Source: Times Union (Albany, NY), February 18, 2011
Posted on: http://envfpn.advisen.com
A $150 million lawsuit against a natural gas drilling company in Chemung County is being billed as the first in modern memory against drillers for allegedly polluting ground water, according to a New York City law firm.
The suit, filed Feb. 10 in state Supreme Court, accuses Colorado-based Anschutz Exploration Corp. of drilling two wells that released methane and other chemicals that allegedly fouled the drinking well water of nine families near Horseheads, north of the Elmira Corning Regional Airport.

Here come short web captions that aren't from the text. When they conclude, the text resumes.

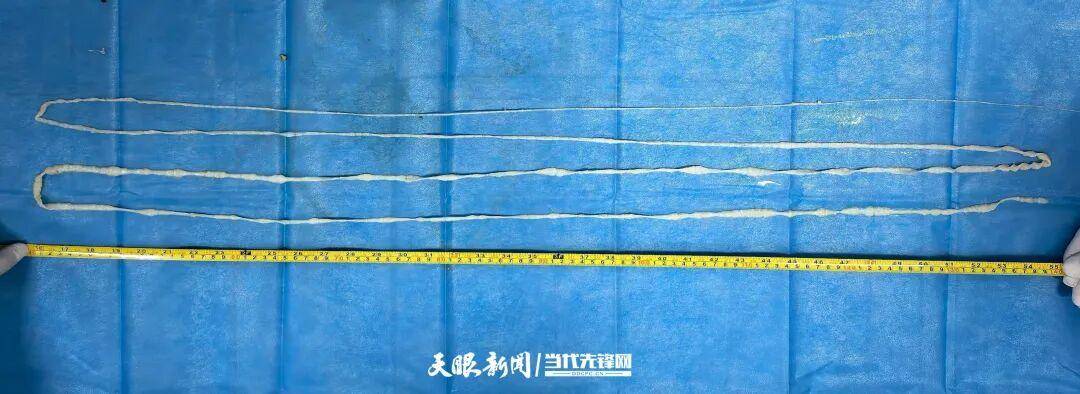 山口雷法 vs 千叶市原_最长4米！贵州一男子连续7个月排出“面条状异物”山口雷法 vs 千叶市原，医生：很可能和吃这种生食有关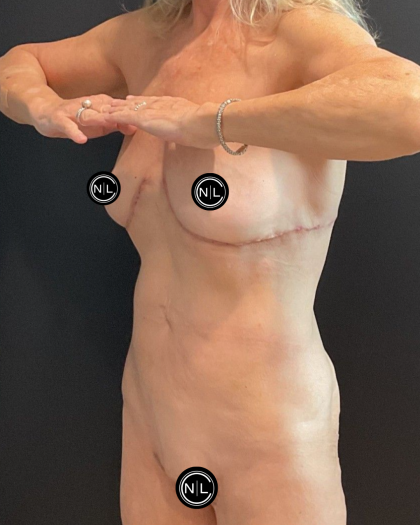 Abdominoplasty Before & After Patient #16856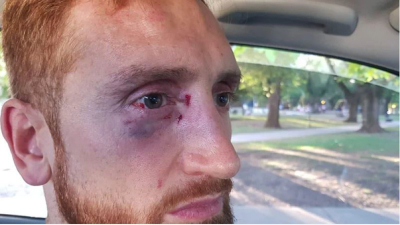 Básquet: hinchas de Peñarol atacaron a Alejandro Reinick, jugador de Quilmes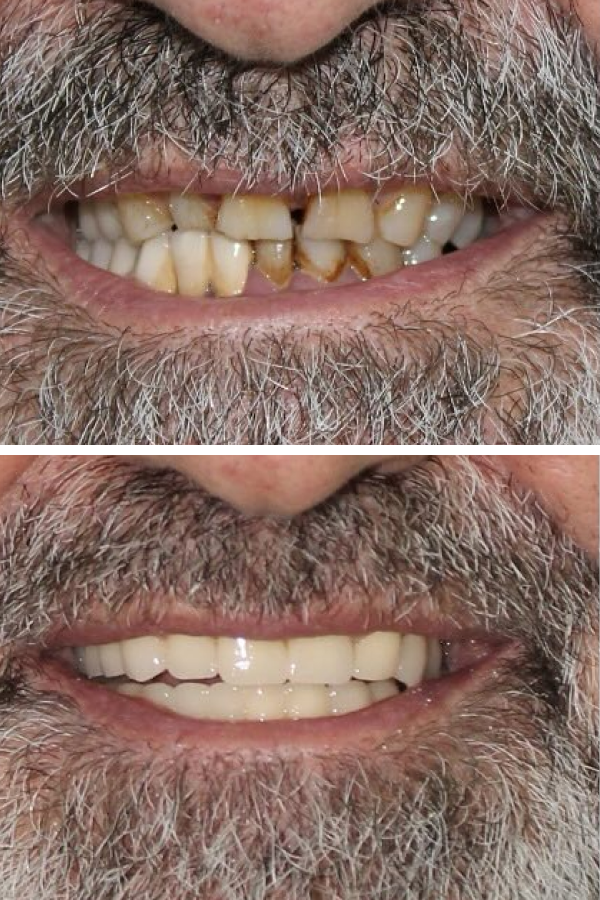 Palm Dental Clinic — case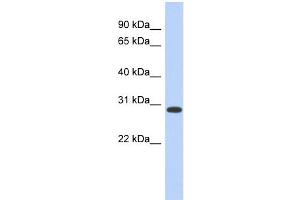 WB Suggested Anti-HOXD12 Antibody Titration:  0. (HOXD12 抗体  (Middle Region))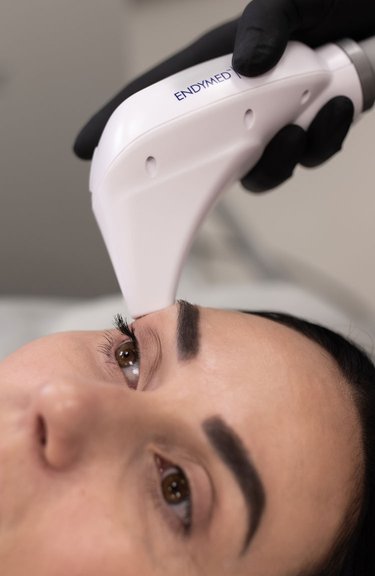 Корекція зони навколо очей — робота косметолога крупним планом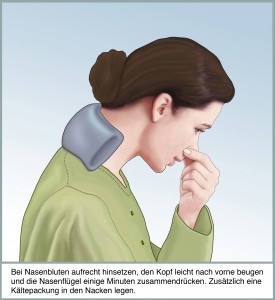 Bei Nasenbluten aufrecht hinsetzen, den Kopf leicht nach vorne beugen und die Nasenfluegel einige Minuten zusammendruecken. Zusaetzlich eine Kaeltepackung in den Nacken legen.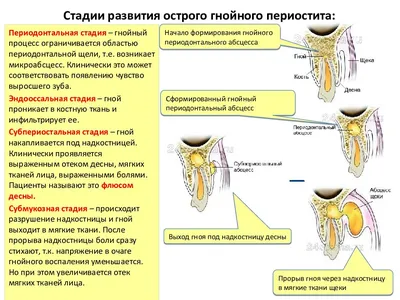 Острый и хронический флюс (периостит) и методы его лечения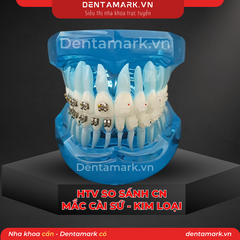 Hàm tư vấn chỉnh nha so sánh chỉnh nha mắc cài Kim loại - mắc cài sứ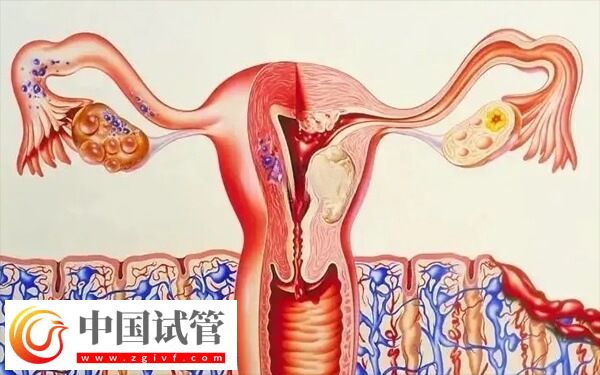 子宮內(nèi)膜厚度多少做試管嬰兒才能成功著床？(圖3)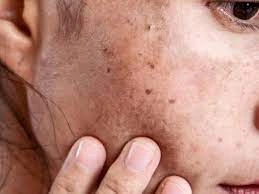 Why CryoPen Works Best for Isolated Sun Spots and Pigmentation Yeovil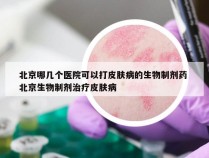 北京哪几个医院可以打皮肤病的生物制剂药 北京生物制剂治疗皮肤病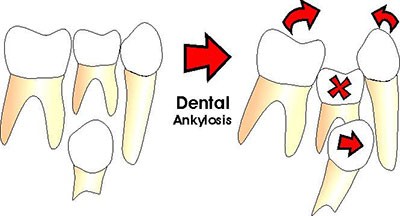 Dental-Ankylosis_1 جوش خوردن دندان به استخوان فک (انکیلوز) چه مشکلاتی ایجاد می کند؟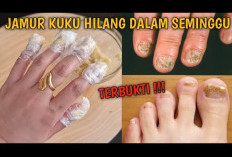 Ampuh! Cara Mengatasi Jamur Kuku Kaki Secara Alami dan Cepat!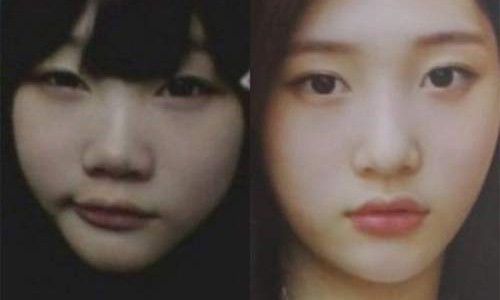 Jung Chae Yeon trước và sau khi thẩm mỹ.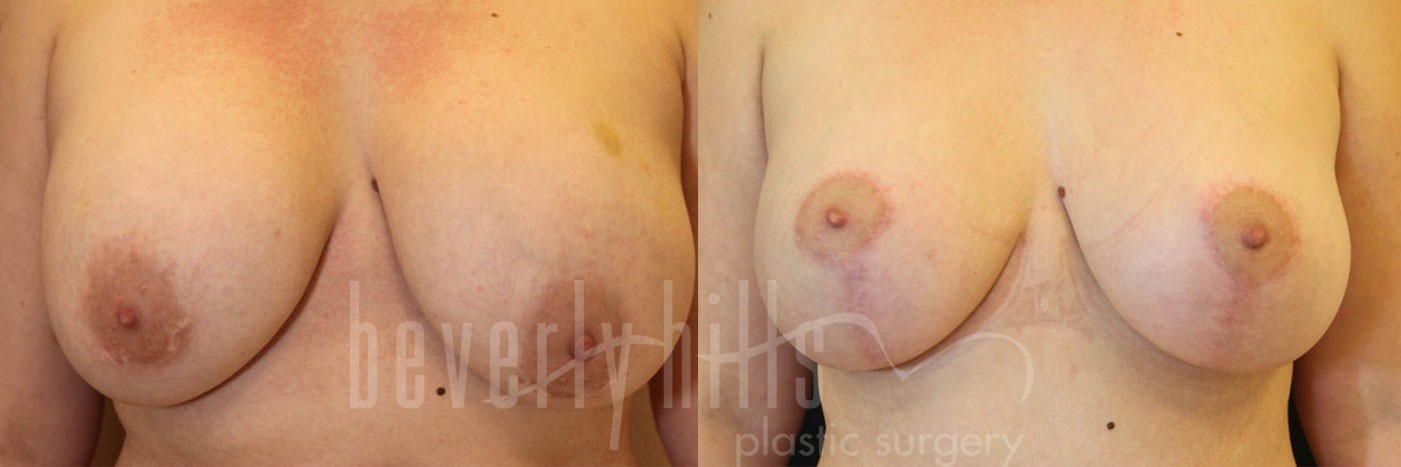 Breast Augmentation 08 Before & After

The wells, which were permitted by the state Department of Environmental Conservation in December 2009, did not involve hydrofracking, said Marc Bern, a partner with New York City-based law firm of Napoli Bern Ripka & Associates, which represents the families.
The law firm represents landowners claiming water contamination elsewhere in the United States, where hydrofracking is allowed, including in Dimock, Pa., which was highlighted in the Oscar-nominated film “Gasland.”
A spokesman for Anschutz denounced the lawsuit as “financial extortion” and said the drilling was not the source of the water well problems.
Company spokesman Jim Monaghan said a November investigation by DEC found it was “unlikely that AEC wells caused drinking water contamination.”
According to a DEC report, “The way the gas wells were constructed makes it unlikely that gas from deeper formations could migrate through multiple cemented casing strings into any aquifers near the surface.”
Further tests by Anschutz “gave no indication of gas migration,” according to DEC, which will continue to monitor the area.
“This type of financial extortion of America’s energy industry will have a chilling effect upon domestic production and further compromise our national security,” Monaghan said.
Hydrofracking is a controversial drilling technique that involves a high-pressure mix of chemicals, sand and water injected deep underground to free trapped gas. Opponents claim the technique can pollute groundwater, while the industry insists that it is safe.
Hyrdrofracking is still under review by the state Department of Environmental Conservation, which is still mulling rules needed before permits can be issued. An executive order issued by former Gov. David Paterson, and renewed by Gov. Andrew Cuomo, placed a moratorium on hydrofracking through June.